### PROBLEM TO SOLVE
Write out the listing exactly, dropping any picture it contains.

### DATA RECORDS
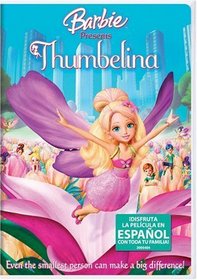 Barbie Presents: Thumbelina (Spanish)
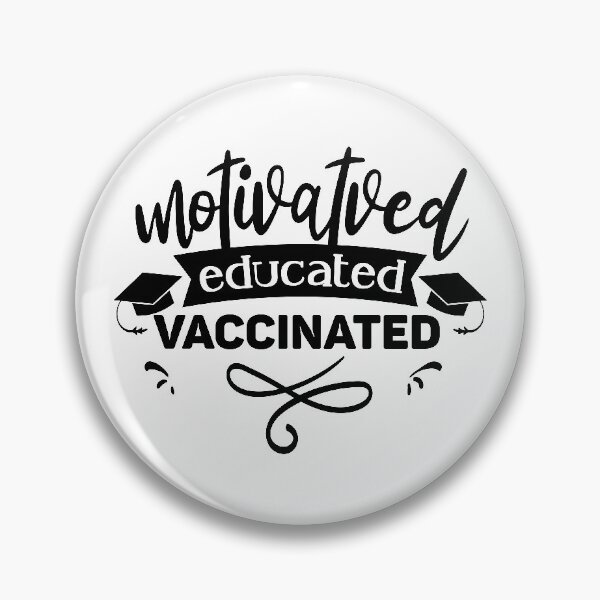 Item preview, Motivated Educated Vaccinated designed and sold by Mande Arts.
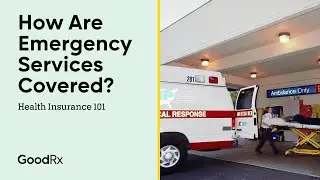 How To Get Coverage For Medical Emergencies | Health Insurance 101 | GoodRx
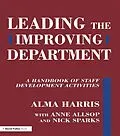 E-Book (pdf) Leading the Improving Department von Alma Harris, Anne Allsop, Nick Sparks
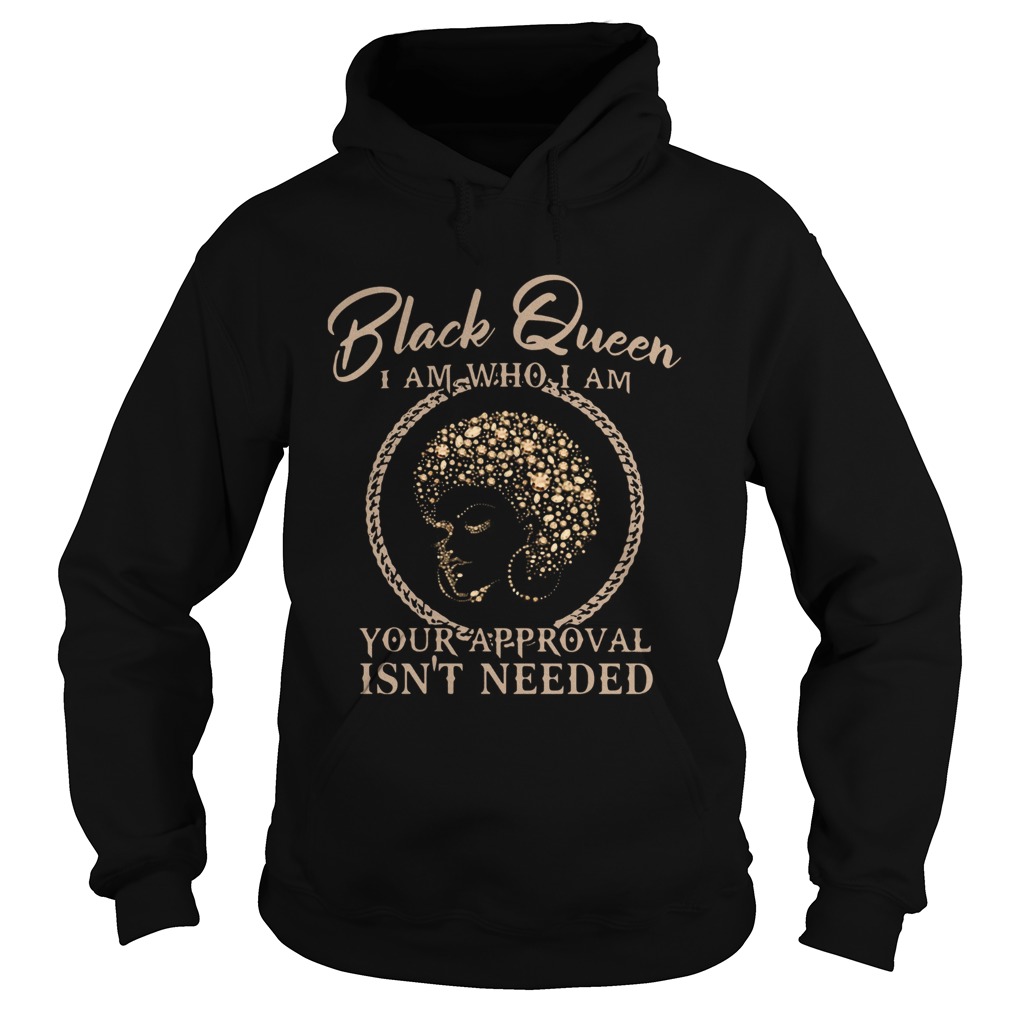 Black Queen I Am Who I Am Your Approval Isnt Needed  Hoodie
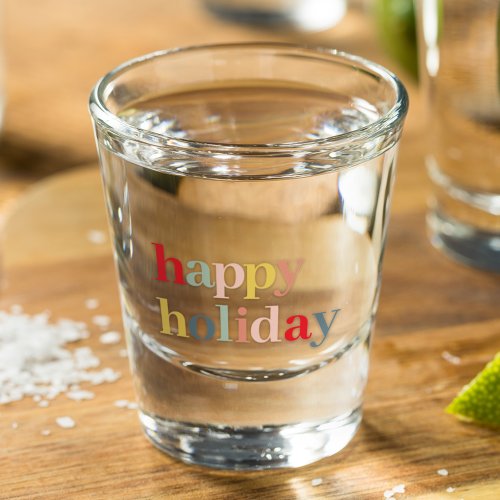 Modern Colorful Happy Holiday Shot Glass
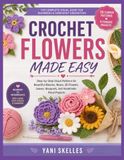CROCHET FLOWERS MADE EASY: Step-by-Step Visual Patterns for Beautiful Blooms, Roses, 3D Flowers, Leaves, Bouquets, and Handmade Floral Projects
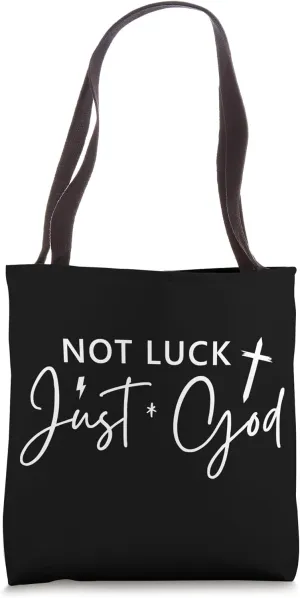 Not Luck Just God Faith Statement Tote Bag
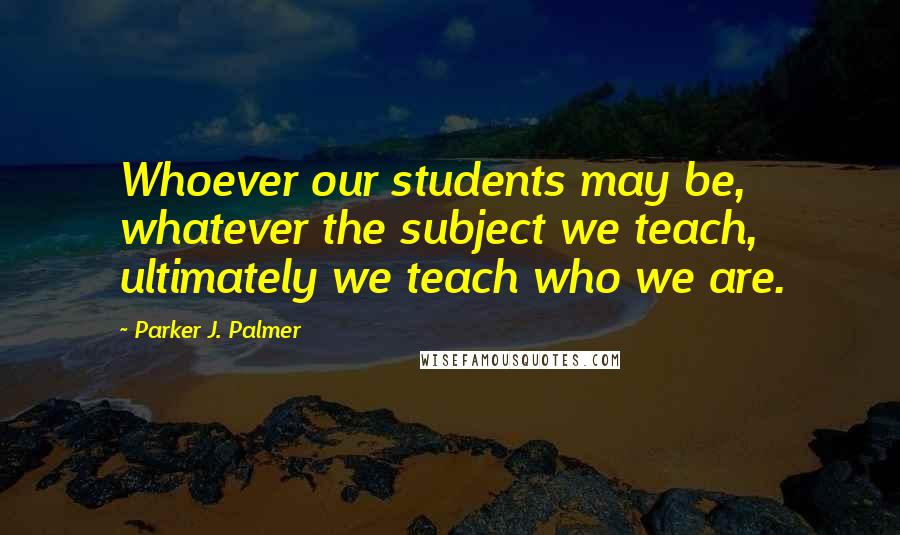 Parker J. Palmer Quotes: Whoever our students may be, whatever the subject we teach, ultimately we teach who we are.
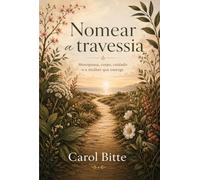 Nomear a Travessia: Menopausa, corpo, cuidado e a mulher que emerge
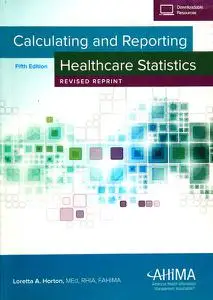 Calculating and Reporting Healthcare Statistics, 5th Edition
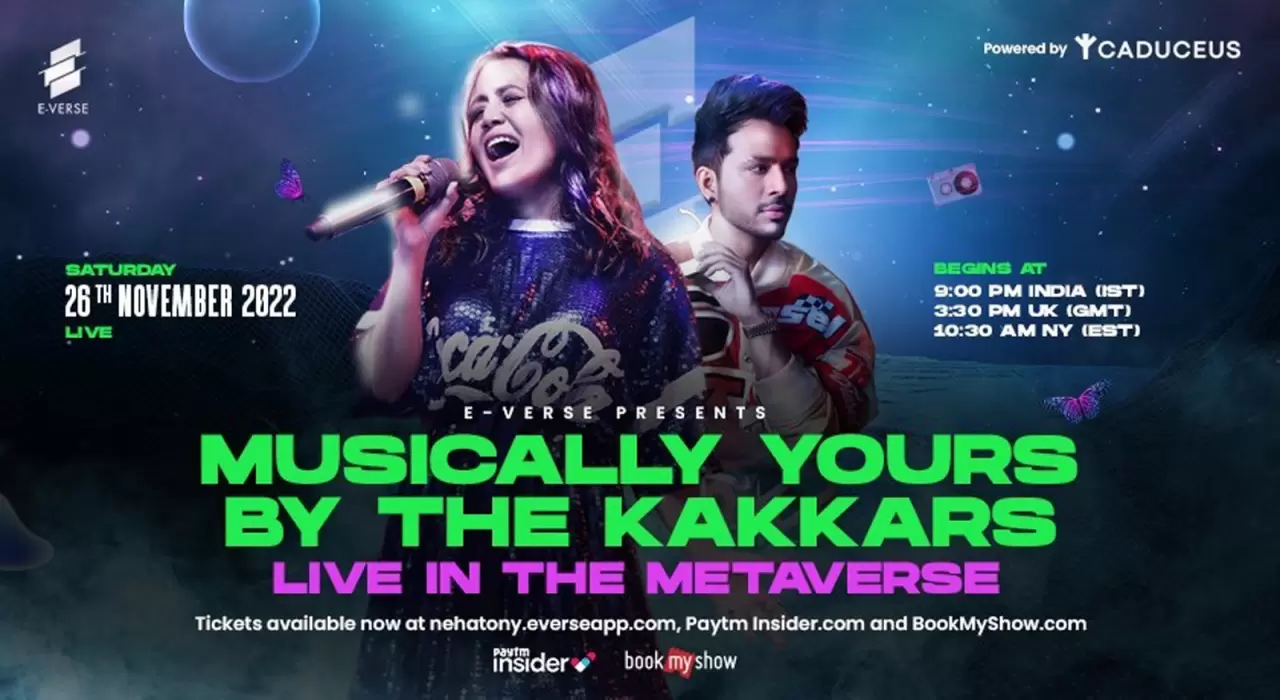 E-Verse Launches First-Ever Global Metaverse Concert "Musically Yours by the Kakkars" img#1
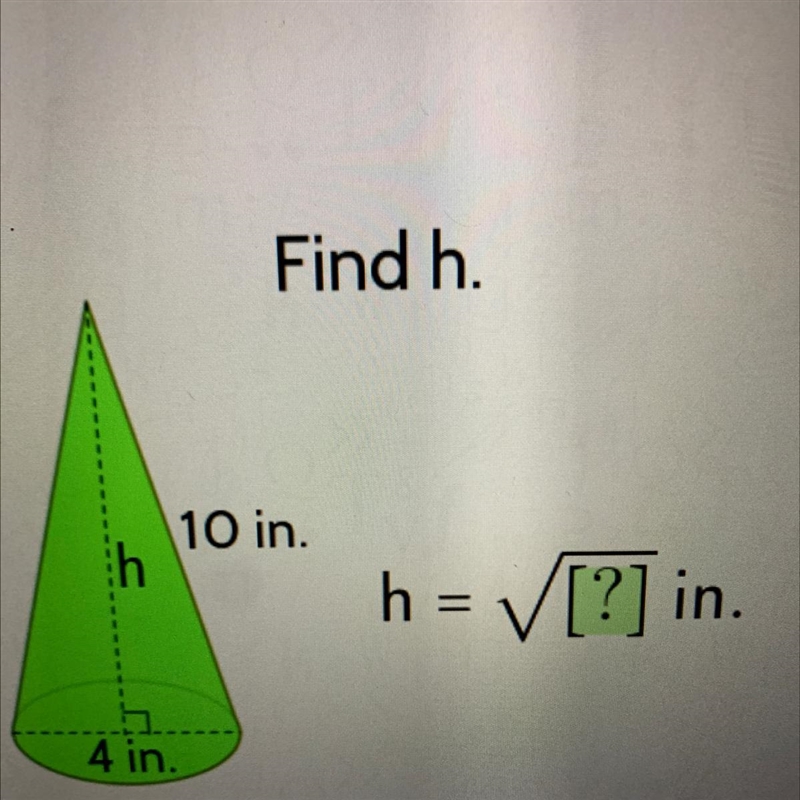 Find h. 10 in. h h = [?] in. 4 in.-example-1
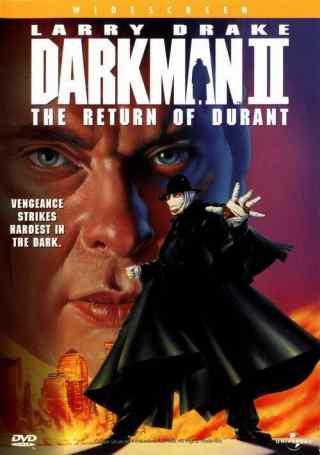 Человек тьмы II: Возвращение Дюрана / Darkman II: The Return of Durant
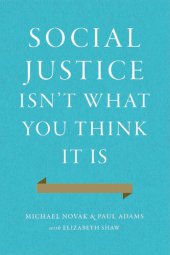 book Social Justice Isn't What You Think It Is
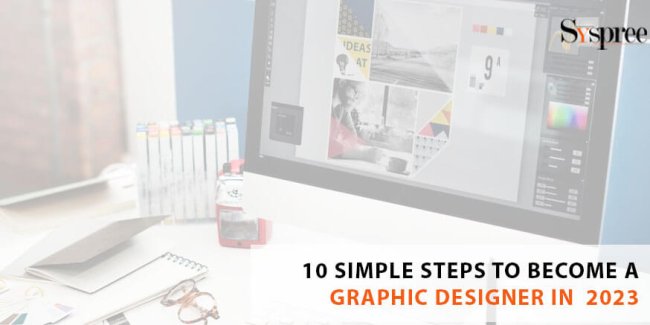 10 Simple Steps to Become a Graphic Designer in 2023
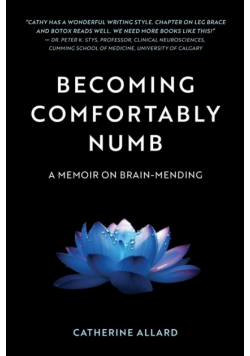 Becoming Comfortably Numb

### ANSWER
 Barbie Presents: Thumbelina (Spanish)
 Item preview, Motivated Educated Vaccinated designed and sold by Mande Arts.
 How To Get Coverage For Medical Emergencies | Health Insurance 101 | GoodRx
 E-Book (pdf) Leading the Improving Department von Alma Harris, Anne Allsop, Nick Sparks
 Black Queen I Am Who I Am Your Approval Isnt Needed  Hoodie
 Modern Colorful Happy Holiday Shot Glass
CROCHET FLOWERS MADE EASY: Step-by-Step Visual Patterns for Beautiful Blooms, Roses, 3D Flowers, Leaves, Bouquets, and Handmade Floral Projects
 Not Luck Just God Faith Statement Tote Bag
 Parker J. Palmer Quotes: Whoever our students may be, whatever the subject we teach, ultimately we teach who we are.
 Nomear a Travessia: Menopausa, corpo, cuidado e a mulher que emerge
 Calculating and Reporting Healthcare Statistics, 5th Edition
 E-Verse Launches First-Ever Global Metaverse Concert "Musically Yours by the Kakkars" img#1
 Find h. 10 in. h h = [?] in. 4 in.-example-1
 Человек тьмы II: Возвращение Дюрана / Darkman II: The Return of Durant
 book Social Justice Isn't What You Think It Is
 10 Simple Steps to Become a Graphic Designer in 2023
 Becoming Comfortably Numb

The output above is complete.